Следует заметить, что Сара была человеком сильным, и держалась она с большим достоинством. Трое прожорливых чужих детей, напоминавших ей изголодавшихся волчат, очень быстро завладели всеми ее помыслами. Позднее она передала им все прекрасные сказки и песни родного края, всю свою любовь к красотам горной природы Йольстера. Дети богача бесплатно получили все эти бесценные сокровища вместе с молоком.
Большинство кормилиц в городе с годами превращались просто в нянек. И тогда их называли, в зависимости от их внешнего облика: Анне Большая, Анне Маленькая, Старушка Карен… Об этом рассказывают старинные рукописи.
Все эти женщины носили особую, раз и навсегда установленную форму: черную юбку, черную же, облегающую кофту и короткий черный атласный передник. В знак того, что они — замужние женщины, на головах у них были высокие, в виде кулька, черные камлотовые чепцы с кружевными оборками. На спину ниспадал широкий бант из черного же шелка.
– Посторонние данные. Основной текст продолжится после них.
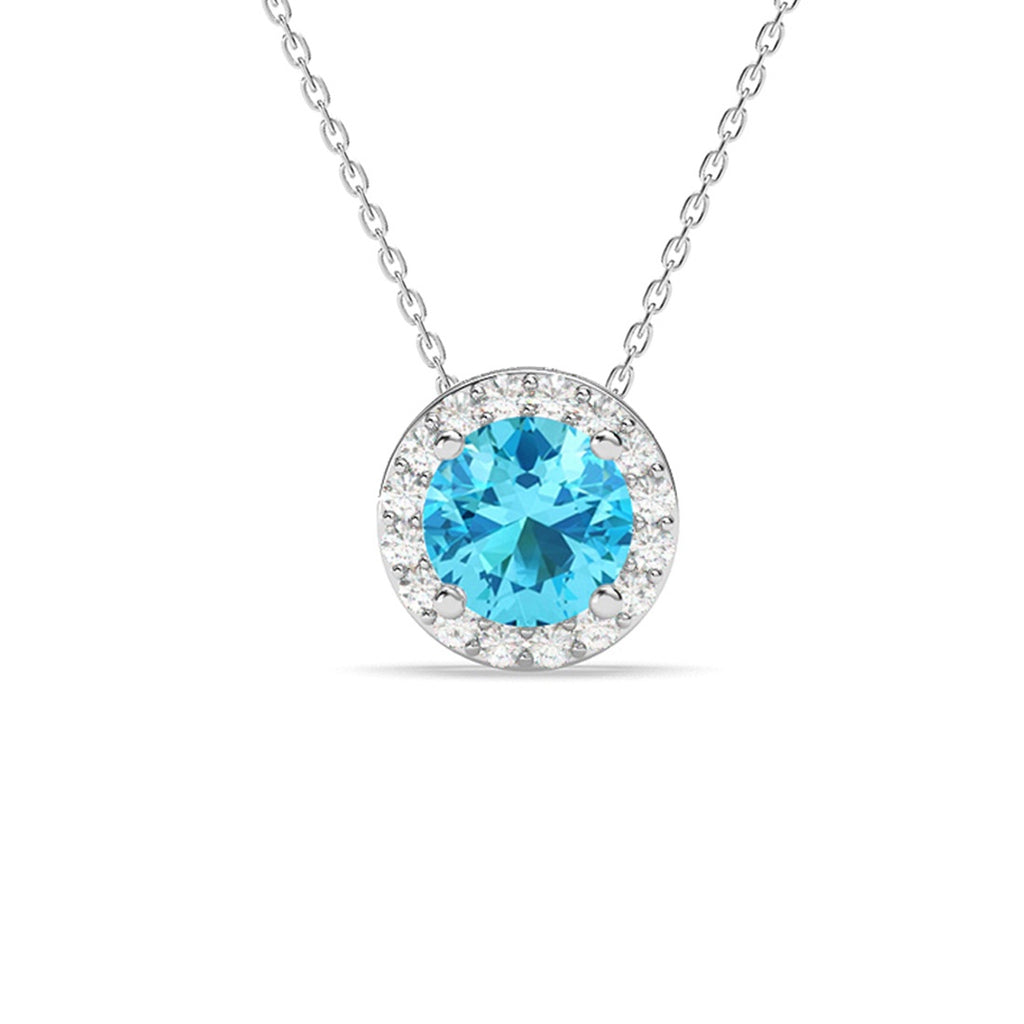Silver Orsa Blue Solitaire Pendant Chain 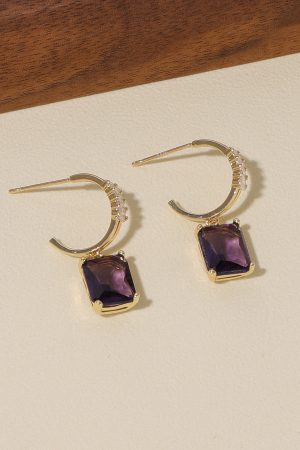 Elegant Circle Zircon Earrings for Women, Light Luxury Square Diamond Design, Versatile 925 Silver Pins, High-End Fashion Earrings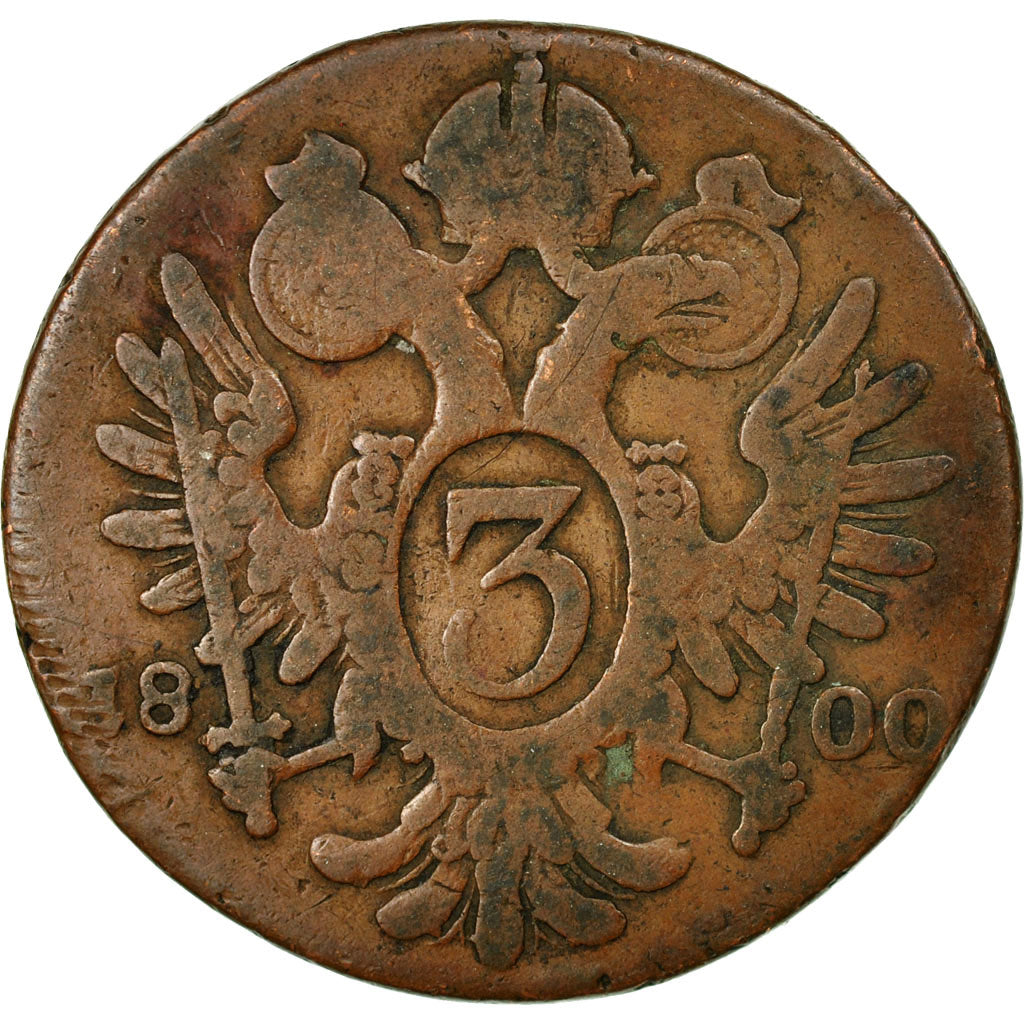 Coin, Austria, Franz II (I), 3 Kreuzer, 1800, VF(30-35), Copper, KM:2115.3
Кормилица, служившая у Вейдемана, которую, как известно, звали Сарой, была, по сравнению с другими кормилицами, выдающейся личностью. Во-первых: ее не слишком пышная грудь была источником такого количества молока, которого вполне хватало для трех ненасытных ребят. Во-вторых: она любила пиво и полагала, что в нем — причина ее молочного изобилия. Так считалось испокон веков у них дома, в Йольстере. В-третьих: она была похожа на настоящую даму, и красива, точно какая-нибудь фрейлина французского двора, изображенная на миниатюре. В-четвертых: она была очень полнокровна и влюблена в своего мужа.
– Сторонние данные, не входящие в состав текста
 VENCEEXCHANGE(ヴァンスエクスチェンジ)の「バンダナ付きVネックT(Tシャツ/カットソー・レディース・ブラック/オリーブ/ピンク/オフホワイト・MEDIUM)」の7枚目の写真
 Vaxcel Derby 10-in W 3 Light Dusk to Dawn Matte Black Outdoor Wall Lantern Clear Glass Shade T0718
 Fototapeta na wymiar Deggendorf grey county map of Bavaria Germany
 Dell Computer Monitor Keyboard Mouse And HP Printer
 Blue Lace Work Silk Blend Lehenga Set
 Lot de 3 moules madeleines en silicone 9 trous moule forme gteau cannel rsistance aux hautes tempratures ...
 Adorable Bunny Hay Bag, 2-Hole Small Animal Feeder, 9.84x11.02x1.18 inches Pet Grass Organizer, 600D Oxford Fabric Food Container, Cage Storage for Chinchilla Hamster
Приближалось рождество. В это время вся прислуга оказывалась в доме крайне необходимой, и особенно кормилица, пользовавшаяся, в силу своего положения в семье, всеобщим уважением.
И вот случилось так, что самая молодая из всех кормилиц Бергена взбунтовалась под самые рождественские праздники. В течение нескольких дней Сара взбудоражила весь город до такой степени, что перепутались все представления о правах прислуги и господ.
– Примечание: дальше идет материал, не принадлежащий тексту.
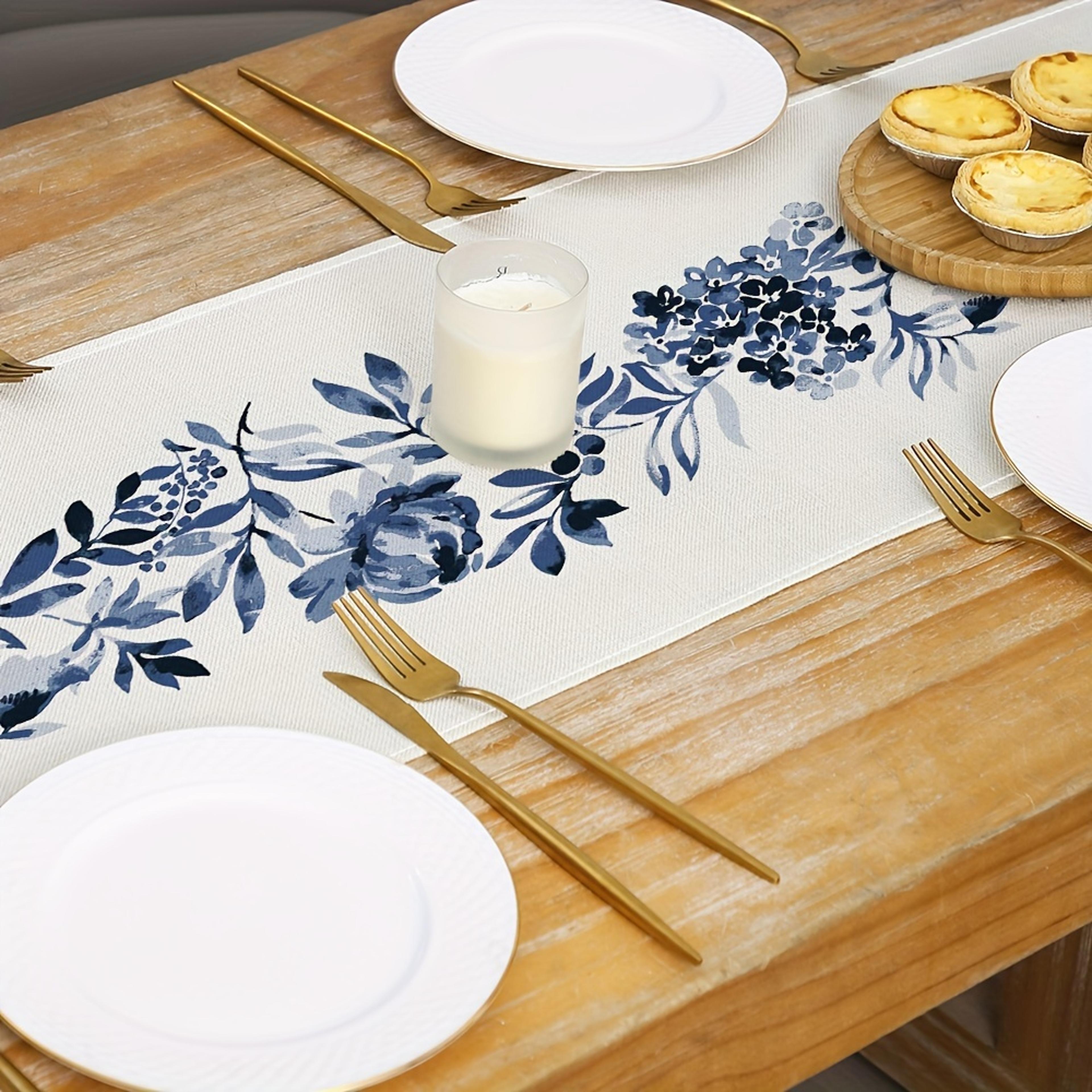 Boho Blue Floral Linen Table Runner Decor For Kitchen Dining  Wedding Table 3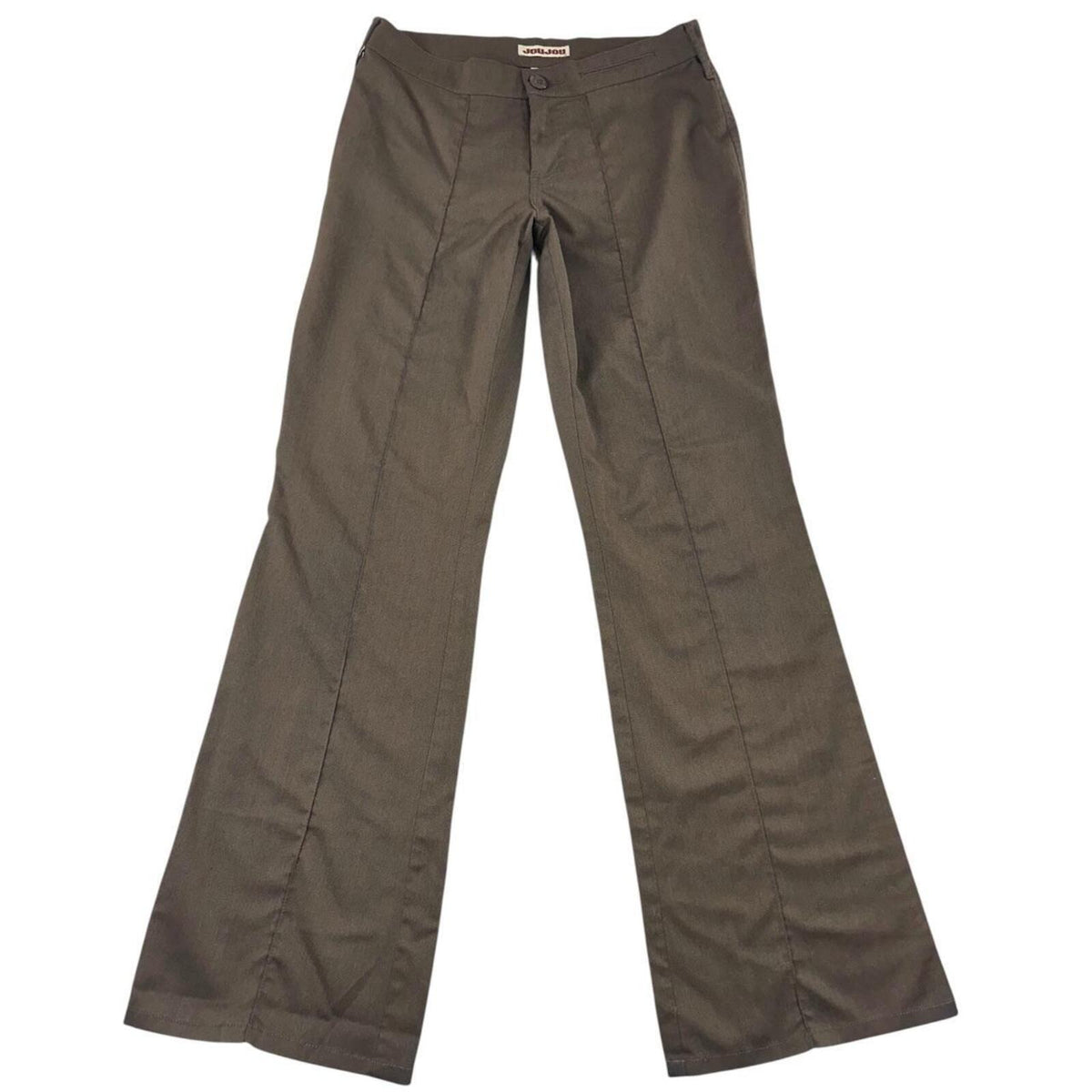 Jou Jou Vintage 90s Mid Rise Brown Flared Trousers Y2K Grunge Coquette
Дело было так: какая-то баржа с дровами, побывавшая во фьордах, прибыла из Мере в Берген. С этой баржей Саре был доставлен горячий привет от мужа и разные неприятные вести о постигших хозяйство стихийных бедствиях. Плохо уродился хлеб, сгорело сено. Они лишились многих овец и свиней, которых продавали обычно в городе по четыре кроны за голову. Кроме того, нашелся еще во фьордах какой-то купец. Он с помощью ловкого поверенного, продувного крючкотвора, пытался прогнать мужа Сары из дома и усадьбы. А тому ничего лучшего не пришло в голову, как послать жене весточку о случившейся беде. Видно, Сара была главой семейства.
Всё это рассказала она Вейдеману. И не просто рассказала. Она попросила его о помощи.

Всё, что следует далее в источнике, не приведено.